Upwards of 20,000 people were in attendance as Bethea ascended the gallows. To their surprise, Thompson didn’t go through with it. Instead, a pair of eager volunteer hangmen were chosen for the grim task of setting the noose and “pulling the trap.” Robbed of their story, a legion of newsmen took instead to descriptions of the rapacious onlookers, many of whom had camped out overnight, intent on an unobstructed view of Bethea’s end. Inflating the grim attraction of another man’s agony, the Santa Rosa Press Democrat described a “carnival atmosphere” of spectators “who munched hot dogs and sipped lemonade as Bethea dropped through the trap.” Other papers reported on the “all-night ‘hanging parties’” hosted by locals. Hotels were full to capacity.

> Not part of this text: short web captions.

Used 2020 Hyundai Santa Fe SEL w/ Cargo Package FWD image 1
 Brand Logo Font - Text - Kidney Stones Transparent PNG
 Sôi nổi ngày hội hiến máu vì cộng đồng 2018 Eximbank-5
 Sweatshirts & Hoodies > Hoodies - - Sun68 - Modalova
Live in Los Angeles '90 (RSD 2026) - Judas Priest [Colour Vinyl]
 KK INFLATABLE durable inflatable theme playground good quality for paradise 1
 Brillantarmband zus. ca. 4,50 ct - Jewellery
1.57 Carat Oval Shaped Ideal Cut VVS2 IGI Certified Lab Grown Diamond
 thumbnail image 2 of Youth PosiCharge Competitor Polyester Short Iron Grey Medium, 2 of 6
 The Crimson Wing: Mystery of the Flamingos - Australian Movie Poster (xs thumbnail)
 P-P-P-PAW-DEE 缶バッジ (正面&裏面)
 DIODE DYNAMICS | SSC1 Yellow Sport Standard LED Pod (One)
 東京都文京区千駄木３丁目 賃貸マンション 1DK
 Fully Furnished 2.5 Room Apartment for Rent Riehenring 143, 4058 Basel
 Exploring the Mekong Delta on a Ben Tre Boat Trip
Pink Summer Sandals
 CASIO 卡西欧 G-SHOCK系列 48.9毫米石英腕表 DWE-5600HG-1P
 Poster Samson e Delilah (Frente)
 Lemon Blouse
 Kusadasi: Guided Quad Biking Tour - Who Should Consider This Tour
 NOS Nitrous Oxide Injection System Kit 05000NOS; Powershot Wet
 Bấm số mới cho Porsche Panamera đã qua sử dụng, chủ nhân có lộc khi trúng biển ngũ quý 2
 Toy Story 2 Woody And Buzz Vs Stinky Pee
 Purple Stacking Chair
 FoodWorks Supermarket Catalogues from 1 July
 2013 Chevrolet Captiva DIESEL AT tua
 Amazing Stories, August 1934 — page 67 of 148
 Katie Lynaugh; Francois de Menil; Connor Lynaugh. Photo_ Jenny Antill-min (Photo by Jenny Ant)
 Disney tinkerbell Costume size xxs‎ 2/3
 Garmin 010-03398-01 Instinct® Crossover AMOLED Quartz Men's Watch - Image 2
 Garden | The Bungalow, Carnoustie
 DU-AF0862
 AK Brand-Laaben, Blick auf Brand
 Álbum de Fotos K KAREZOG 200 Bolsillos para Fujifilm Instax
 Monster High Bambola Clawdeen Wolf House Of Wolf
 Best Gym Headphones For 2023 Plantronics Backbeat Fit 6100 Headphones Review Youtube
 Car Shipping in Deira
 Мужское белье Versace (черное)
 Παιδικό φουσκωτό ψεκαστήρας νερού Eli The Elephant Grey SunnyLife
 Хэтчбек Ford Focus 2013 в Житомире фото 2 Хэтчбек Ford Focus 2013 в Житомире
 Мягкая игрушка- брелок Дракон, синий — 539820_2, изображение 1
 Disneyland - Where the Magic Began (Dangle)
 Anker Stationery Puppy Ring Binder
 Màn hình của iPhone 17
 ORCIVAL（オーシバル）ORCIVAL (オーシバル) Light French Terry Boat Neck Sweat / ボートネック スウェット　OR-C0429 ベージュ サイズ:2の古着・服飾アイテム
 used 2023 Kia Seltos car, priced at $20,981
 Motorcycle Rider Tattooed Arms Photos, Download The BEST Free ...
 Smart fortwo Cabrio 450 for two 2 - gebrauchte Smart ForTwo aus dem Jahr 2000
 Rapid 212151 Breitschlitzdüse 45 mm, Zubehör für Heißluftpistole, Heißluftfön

For all its hype and uncertainty, the Bethea case illustrates a fascinating confluence of mores and morals surrounding death, punishment, race, and gender roles in interwar America. Surely, the intensity of press covering Bethea’s hanging came to bear on Kentucky’s decision 18 months later to abolish public executions. Sheriff Thompson, who, wittingly or not, opened the door for that attention, catalyzed a situation that led to blanket coverage of the hanging, in turn exposing to a national audience the morbidity of a spectacle already seen by many as outdated. Nary a reporter praised what he saw in Owensboro that summer and the world soon had a clear, impassioned picture of mob voyeurism at its worst.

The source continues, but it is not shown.